Cytosolic extracts were prepared by gentle sonication of E. coli grown to stationary phase (18 to 20 h in 5 ml of Luria-Bertani [LB] broth) and resuspended in a 0.5-ml solution of 5 mM potassium phosphate, 5 mM disodium EDTA, 10% glycerol, and 25 μM phenylmethylsulfonyl fluoride (pH 7.0) as described previously (31). The protein concentration was estimated by the method of Lowry et al. (16) after trichloroacetic acid precipitation. A vapor phase assay to measure base-labile methyl esters produced by transfer of the methyl group from S-adenosyl-l-[methyl-14C]methionine to a specific isoaspartyl-containing peptide substrate (Lys-Ala-Ser-Ala-isoAsp-Leu-Ala-Lys-Tyr) by methyltransferase in the extract was performed essentially as described previously (12). Methylation was carried out for 20 min at 37°C, 1.5 M Na2CO3 was used to release labeled methanol from the methyl esters, and peptide-specific counts were determined by subtraction of a control sample assayed in the absence of peptide substrate. HPII catalase activity was determined by means of a spectrophotometric assay for H2O2 breakdown in extracts that had been heated to inactivate HPI catalase (31).

Stationary-phase and stress survival tests.

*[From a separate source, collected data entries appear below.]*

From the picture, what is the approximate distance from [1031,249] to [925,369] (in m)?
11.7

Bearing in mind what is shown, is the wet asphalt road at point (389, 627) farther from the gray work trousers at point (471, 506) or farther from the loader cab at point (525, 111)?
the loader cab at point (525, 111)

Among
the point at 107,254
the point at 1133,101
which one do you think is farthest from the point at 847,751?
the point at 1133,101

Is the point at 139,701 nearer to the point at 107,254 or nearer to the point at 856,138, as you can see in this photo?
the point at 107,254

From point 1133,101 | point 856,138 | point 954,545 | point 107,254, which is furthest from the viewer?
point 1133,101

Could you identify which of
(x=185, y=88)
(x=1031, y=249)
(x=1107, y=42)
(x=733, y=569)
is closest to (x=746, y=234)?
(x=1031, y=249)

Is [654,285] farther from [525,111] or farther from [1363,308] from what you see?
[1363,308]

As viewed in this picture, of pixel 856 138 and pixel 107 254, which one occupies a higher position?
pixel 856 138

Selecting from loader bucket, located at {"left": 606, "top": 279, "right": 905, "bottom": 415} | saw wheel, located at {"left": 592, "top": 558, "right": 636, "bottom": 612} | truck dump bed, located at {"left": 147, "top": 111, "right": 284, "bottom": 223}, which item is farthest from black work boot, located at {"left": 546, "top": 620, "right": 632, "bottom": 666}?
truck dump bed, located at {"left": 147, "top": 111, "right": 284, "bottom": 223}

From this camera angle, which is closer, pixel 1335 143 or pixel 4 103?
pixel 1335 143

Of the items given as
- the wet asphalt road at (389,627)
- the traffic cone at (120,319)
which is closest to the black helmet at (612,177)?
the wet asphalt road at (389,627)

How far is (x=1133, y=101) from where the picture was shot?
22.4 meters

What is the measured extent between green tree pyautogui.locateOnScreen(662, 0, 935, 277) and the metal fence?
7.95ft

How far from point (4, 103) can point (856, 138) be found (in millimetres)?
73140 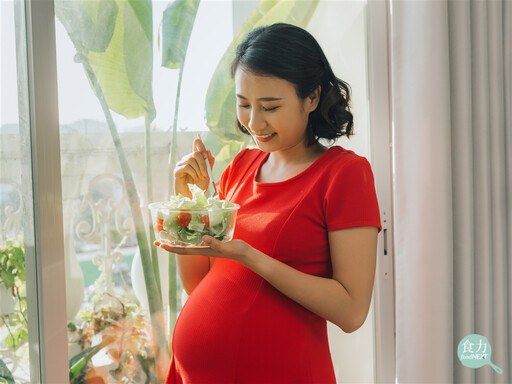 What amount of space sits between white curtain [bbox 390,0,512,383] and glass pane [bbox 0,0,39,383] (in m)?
1.14

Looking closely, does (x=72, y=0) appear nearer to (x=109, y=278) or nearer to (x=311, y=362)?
(x=109, y=278)

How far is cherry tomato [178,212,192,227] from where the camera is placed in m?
0.93

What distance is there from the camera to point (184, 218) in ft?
3.06

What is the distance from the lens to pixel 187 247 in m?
0.95

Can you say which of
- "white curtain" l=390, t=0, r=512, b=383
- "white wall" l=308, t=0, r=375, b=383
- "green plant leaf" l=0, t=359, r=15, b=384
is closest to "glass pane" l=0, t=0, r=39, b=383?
"green plant leaf" l=0, t=359, r=15, b=384

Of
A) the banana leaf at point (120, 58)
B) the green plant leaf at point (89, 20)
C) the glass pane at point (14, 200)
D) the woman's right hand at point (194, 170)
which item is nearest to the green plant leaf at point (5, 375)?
the glass pane at point (14, 200)

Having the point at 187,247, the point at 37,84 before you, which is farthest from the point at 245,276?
the point at 37,84

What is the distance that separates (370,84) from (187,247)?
3.51 feet

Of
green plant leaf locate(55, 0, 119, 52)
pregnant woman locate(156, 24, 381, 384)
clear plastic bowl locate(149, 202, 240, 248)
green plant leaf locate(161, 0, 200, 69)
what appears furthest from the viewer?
green plant leaf locate(161, 0, 200, 69)

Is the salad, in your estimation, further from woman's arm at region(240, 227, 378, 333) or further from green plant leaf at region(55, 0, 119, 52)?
green plant leaf at region(55, 0, 119, 52)

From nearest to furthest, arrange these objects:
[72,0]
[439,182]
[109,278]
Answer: [72,0]
[109,278]
[439,182]

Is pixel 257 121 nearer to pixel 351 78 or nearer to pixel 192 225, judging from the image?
pixel 192 225

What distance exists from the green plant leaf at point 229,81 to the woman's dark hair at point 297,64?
412 mm

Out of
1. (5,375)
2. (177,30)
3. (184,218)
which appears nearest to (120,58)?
(177,30)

Resistance to lethal heat shock was measured by using cultures grown for approximately 20 h in LB broth. Cells from these cultures were spun down and resuspended to 1/10 their original density in 0.85% NaCl, and 50-μl aliquots were then heated to 55°C for 10 min in a thermal cycler, using a thin-walled polycarbonate 96-well plate. Viable counts were performed by making serial dilutions in 0.85% NaCl and plating them on LB agar (incubated for 16 to 20 h at 37°C) to determine the number of bacteria that had survived; these results were then compared to counts of the original cultures. Oxidative stress testing was carried out similarly, except that H2O2 was added to the diluted cells to a final concentration of 15 or 30 mM and the cells were incubated for 1 h at 37°C. For osmotic stress, the culture aliquots were resuspended in 2.5 M NaCl and maintained at 37°C for 4 h.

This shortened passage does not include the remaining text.